Intel Core 2 Duo E6600 @ 3.2GHZ
MSI 680i Diamond
Super Talent 6400 4GB @ 1200MHZ
Vvikoo 8800GT 1GB DDR3
Western Digital Raptor 75GB, Western Digital Caviar SE 80GB
Windows XP Pro x86
Mouse mats and other peripherals fall into an interesting category for testing, as your opinion on them tends to be very personal, as the mat, mouse or keyboard has to be right for you, beyond having the specifications to do what you want with it. Therefore these reviews can be highly subjective so as always, please make sure to test a peripheral for yourself before you buy it.

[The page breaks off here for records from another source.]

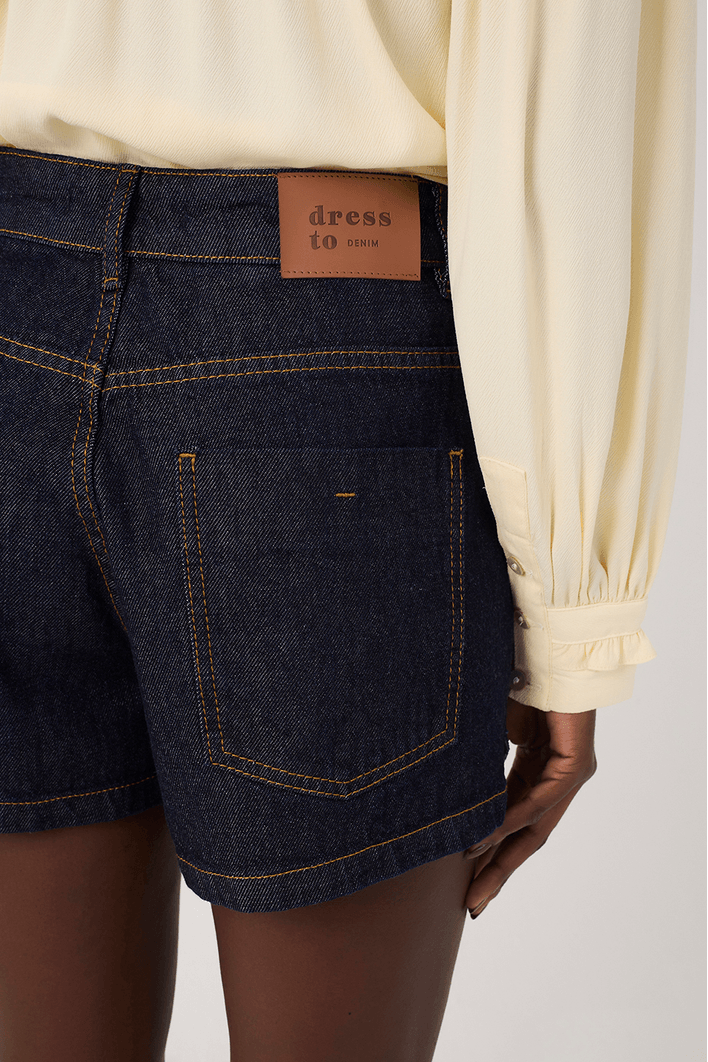 Short Jeans Intense Blue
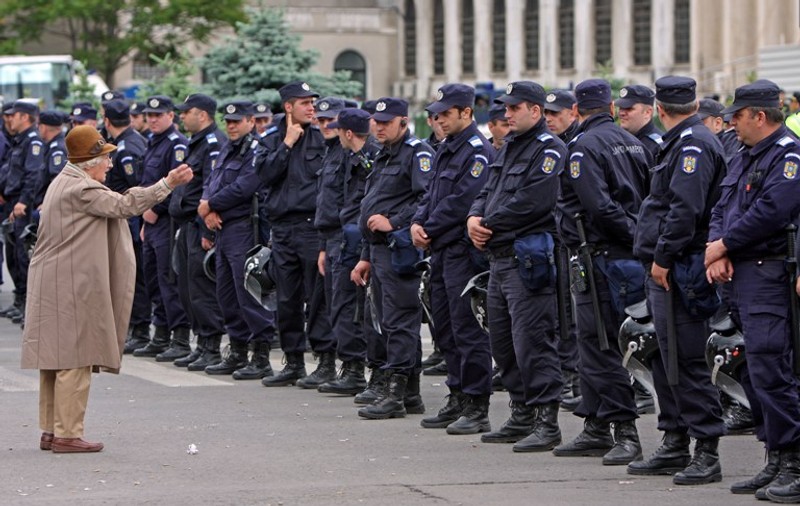 Miting cu un singur participant desfăşurat în Piteşti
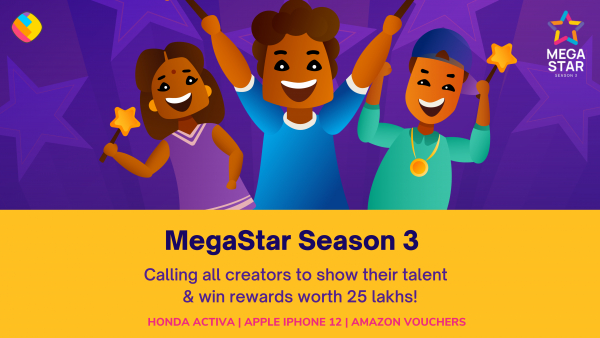 In a new look with a new look! ‘ShareChat Popular Talent Hunt’ Megastar ‘Season 3’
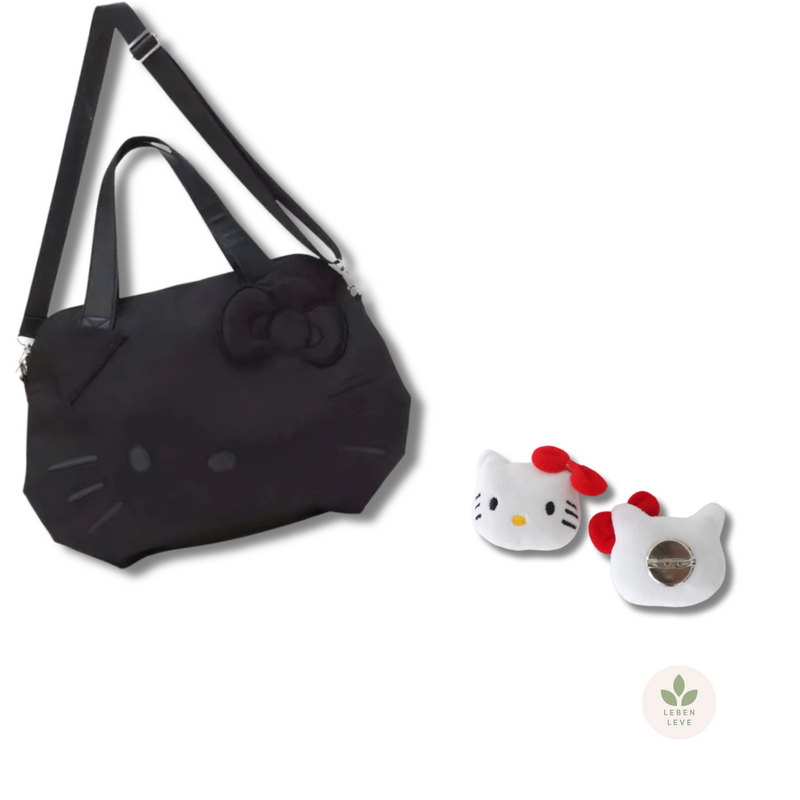 Bolsa de Viagem Hello Kitty Premium - 3 em 1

However with that said, our testing methods involve using the mat over prolonged gaming and general usage periods to test it’s gaming ability and comfort.
The games used for testing were as follows:
- Dawn of War 2
- Peggle Nights
- Assorted Flash Games
The mat I used to test the Saiph on was the Mionix Alioth.
Dawn of War 2
Dawn of War 2 is a fast paced strategy title that borders on the Real Time Tactical genre. It requires quick mouse movements, but in the heat of melee, it’s very necessary to have pinpoint accuracy too. I’m pleased to say that in this title the Mionix Saiph performed very well indeed, giving me all the accuracy I needed, even moving at the speeds I was able to operate at thanks to the teflon feet and the slippery, smooth surface of the mat.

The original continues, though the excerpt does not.